CCNA – Subnetting Questions 3
Here you will find answers to Subnetting Questions – Part 3
Note: If you are not sure about Subnetting, please read my Subnetting tutorial.
Question 1
Workstation A has been assigned an IP address of 192.0.2.24/28. Workstation B has been assigned an IP address of 192.0.2.100/28. The two workstations are connected with a straight-through cable. Attempts to ping between the hosts are unsuccessful. What two things can be done to allow communications between the hosts? (Choose two)
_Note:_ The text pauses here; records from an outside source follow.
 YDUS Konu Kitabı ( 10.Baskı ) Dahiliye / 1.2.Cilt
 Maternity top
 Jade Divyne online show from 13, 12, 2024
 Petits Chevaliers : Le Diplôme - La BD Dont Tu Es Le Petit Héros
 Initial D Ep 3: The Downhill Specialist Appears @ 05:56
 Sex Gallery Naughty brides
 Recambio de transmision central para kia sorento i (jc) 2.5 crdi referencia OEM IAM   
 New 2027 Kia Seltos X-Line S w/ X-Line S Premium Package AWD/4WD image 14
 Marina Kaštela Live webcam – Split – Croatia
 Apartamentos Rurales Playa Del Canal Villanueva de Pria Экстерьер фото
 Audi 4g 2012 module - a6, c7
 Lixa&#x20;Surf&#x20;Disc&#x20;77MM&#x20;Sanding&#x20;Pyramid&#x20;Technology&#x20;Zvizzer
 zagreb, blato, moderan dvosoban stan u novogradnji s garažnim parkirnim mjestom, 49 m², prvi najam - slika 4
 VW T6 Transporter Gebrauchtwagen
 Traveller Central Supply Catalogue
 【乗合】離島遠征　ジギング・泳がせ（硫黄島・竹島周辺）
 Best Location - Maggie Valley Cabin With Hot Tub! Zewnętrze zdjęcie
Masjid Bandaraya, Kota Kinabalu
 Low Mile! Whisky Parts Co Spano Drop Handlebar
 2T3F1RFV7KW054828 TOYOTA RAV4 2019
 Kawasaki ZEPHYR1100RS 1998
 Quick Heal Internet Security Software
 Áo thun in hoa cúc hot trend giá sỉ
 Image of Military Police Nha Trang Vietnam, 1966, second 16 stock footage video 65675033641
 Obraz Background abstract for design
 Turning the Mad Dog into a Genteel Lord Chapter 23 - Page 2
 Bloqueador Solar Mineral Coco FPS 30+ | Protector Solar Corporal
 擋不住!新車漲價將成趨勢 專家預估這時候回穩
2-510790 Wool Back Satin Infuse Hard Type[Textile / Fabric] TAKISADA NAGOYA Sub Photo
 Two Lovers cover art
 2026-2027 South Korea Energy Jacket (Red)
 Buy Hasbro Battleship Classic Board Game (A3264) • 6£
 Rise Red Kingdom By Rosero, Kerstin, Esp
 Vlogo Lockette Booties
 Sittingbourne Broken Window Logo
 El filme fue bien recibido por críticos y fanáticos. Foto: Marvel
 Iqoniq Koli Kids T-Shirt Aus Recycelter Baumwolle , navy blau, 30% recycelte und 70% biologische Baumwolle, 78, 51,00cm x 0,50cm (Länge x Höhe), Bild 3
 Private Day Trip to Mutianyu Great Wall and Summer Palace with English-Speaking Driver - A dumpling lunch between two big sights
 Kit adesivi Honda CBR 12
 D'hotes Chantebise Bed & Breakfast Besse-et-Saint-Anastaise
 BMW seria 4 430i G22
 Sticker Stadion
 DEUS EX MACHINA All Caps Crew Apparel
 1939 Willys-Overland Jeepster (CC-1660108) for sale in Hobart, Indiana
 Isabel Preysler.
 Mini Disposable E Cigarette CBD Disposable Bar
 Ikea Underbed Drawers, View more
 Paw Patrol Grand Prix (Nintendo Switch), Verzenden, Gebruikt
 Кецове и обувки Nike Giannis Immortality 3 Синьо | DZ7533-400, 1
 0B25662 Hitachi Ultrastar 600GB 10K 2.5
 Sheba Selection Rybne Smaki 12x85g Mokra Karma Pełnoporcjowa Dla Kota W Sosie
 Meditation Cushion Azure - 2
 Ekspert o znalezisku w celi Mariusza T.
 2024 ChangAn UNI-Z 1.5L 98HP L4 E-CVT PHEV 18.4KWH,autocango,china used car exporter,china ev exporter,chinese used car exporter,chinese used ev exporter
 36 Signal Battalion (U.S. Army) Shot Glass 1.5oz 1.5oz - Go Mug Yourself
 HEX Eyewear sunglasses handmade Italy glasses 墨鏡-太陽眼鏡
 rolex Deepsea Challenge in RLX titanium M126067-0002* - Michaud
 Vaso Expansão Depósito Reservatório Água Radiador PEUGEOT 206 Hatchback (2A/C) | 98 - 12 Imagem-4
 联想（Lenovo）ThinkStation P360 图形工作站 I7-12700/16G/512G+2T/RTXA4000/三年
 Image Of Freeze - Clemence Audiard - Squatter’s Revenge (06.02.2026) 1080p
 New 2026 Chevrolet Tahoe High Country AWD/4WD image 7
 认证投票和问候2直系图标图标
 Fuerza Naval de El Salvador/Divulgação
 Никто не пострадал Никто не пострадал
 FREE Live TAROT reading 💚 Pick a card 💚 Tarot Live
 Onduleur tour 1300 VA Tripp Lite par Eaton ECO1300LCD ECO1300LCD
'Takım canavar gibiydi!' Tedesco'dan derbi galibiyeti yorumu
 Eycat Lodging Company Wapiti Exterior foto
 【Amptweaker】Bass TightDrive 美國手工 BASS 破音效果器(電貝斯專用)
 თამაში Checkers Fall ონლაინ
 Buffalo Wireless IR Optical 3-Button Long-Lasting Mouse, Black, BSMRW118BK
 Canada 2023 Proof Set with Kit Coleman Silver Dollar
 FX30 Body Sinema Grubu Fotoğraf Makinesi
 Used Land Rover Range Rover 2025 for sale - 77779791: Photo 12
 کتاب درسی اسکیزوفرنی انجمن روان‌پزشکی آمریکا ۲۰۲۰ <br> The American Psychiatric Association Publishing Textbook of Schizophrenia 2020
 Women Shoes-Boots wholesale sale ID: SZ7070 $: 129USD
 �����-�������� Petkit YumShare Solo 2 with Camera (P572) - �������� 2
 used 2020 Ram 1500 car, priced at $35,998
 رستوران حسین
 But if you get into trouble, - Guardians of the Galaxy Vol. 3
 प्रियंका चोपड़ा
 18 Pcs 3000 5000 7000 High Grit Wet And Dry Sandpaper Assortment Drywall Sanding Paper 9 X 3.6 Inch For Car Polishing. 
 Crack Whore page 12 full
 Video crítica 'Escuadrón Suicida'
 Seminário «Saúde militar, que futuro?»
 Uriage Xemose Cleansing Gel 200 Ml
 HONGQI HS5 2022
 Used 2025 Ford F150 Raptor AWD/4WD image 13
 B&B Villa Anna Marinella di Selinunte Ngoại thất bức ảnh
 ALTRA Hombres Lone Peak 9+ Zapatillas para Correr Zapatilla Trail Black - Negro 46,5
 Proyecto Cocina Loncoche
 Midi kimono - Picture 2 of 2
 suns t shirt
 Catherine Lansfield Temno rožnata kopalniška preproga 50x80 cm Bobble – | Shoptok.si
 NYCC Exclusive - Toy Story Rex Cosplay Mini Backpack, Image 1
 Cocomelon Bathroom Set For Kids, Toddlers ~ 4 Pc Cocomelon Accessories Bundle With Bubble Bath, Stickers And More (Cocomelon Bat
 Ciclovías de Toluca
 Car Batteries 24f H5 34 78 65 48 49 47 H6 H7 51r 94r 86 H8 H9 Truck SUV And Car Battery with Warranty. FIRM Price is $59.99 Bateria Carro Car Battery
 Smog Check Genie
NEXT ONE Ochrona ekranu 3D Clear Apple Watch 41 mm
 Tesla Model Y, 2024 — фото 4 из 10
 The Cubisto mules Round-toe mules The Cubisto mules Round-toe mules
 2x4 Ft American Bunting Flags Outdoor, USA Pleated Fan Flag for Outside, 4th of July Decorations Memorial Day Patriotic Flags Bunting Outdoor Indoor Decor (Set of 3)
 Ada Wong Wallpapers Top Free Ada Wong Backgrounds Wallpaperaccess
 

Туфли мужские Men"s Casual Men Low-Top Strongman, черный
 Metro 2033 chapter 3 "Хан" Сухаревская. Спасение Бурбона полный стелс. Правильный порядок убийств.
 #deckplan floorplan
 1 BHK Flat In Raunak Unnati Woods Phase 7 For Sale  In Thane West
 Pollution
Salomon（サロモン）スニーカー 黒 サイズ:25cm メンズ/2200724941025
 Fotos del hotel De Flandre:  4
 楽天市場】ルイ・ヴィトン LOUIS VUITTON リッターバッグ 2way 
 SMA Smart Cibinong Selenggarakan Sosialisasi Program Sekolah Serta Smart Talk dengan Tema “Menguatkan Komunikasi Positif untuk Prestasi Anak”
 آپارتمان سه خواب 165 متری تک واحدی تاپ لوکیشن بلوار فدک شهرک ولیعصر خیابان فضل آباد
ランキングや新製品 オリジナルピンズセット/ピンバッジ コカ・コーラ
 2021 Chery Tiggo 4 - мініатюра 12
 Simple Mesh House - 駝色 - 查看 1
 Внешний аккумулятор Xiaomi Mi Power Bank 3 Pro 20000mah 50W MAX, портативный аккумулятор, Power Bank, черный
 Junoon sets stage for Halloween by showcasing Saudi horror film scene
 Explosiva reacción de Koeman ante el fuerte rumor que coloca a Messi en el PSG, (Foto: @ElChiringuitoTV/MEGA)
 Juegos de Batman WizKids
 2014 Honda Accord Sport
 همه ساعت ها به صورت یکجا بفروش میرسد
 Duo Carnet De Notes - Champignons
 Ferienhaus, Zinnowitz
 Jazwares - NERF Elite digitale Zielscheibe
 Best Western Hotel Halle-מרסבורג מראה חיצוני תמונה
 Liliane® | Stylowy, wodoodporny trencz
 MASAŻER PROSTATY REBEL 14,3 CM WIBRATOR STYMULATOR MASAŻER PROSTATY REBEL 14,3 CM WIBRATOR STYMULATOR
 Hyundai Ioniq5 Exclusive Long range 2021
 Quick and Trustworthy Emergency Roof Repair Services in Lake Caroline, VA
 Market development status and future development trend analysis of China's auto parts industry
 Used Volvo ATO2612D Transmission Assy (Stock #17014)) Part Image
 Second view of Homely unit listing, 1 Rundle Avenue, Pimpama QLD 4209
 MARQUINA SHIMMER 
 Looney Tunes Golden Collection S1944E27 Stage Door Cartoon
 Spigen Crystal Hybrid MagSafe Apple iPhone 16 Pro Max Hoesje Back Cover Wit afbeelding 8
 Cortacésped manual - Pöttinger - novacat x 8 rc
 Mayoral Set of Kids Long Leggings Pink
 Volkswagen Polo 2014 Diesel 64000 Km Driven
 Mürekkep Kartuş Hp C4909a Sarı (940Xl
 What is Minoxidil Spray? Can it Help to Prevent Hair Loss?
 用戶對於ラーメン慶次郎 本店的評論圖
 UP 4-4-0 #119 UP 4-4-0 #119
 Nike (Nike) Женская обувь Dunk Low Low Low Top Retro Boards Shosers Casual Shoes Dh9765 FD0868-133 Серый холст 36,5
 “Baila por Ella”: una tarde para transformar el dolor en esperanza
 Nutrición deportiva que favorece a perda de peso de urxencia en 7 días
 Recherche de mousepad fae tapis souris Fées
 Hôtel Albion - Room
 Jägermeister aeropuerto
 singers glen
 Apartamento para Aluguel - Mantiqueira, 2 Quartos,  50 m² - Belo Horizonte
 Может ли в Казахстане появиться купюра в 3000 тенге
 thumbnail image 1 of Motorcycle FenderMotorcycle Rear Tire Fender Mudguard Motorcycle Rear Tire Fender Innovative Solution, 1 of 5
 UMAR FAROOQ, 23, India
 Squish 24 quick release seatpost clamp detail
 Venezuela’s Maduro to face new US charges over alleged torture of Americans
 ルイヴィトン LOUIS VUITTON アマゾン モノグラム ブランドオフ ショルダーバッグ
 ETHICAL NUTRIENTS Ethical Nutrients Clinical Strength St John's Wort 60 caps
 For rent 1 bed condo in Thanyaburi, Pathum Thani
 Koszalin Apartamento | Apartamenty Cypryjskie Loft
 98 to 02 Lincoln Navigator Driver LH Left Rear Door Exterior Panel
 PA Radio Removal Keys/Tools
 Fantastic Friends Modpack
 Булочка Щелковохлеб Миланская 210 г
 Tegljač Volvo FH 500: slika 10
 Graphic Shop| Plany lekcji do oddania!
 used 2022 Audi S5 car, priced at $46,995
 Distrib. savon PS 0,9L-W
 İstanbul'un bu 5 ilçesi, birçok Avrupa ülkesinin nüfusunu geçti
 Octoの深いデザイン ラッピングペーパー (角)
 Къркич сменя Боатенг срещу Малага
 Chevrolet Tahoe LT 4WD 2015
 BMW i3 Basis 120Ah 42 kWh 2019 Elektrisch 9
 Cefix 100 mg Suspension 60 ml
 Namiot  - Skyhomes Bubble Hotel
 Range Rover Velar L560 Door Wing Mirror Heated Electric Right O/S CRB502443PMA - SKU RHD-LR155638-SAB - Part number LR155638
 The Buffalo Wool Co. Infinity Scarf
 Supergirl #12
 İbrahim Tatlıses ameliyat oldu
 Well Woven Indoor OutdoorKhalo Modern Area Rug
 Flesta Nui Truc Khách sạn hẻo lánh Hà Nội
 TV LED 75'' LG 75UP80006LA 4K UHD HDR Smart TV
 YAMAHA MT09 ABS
A. Replace the straight-through cable with a crossover cable.
B. Change the subnet mask of the hosts to /25.
C. Change the subnet mask of the hosts to /26.
D. Change the address of Workstation A to 192.0.2.15.
E. Change the address of Workstation B to 192.0.2.111.
Answer: A B
Explanation
To specify when we use crossover cable or straight-through cable, we should remember:
Group 1: Router, Host, Server
Group 2: Hub, Switch
One device in group 1 + One device in group 2: use straight-through cable
Two devices in the same group: use crossover cable
-> To connect two hosts we must use crossover cable -> A is correct.
With the subnet mask of /28, 192.0.2.24 & 192.0.2.100 will be in different subnets (192.0.2.24 belongs to subnet 192.0.2.16/28; 192.0.2.100 belongs to subnet 192.0.2.96). To make them in the same subnet we need more space for host. Because 100 < 128 so we the suitable subnet should be /25.
Question 2
Your ISP has given you the address 223.5.14.6/29 to assign to your router’s interface. They have also given you the default gateway address of 223.5.14.7. After you have configured the address, the router is unable to ping any remote devices. What is preventing the router from pinging remote devices?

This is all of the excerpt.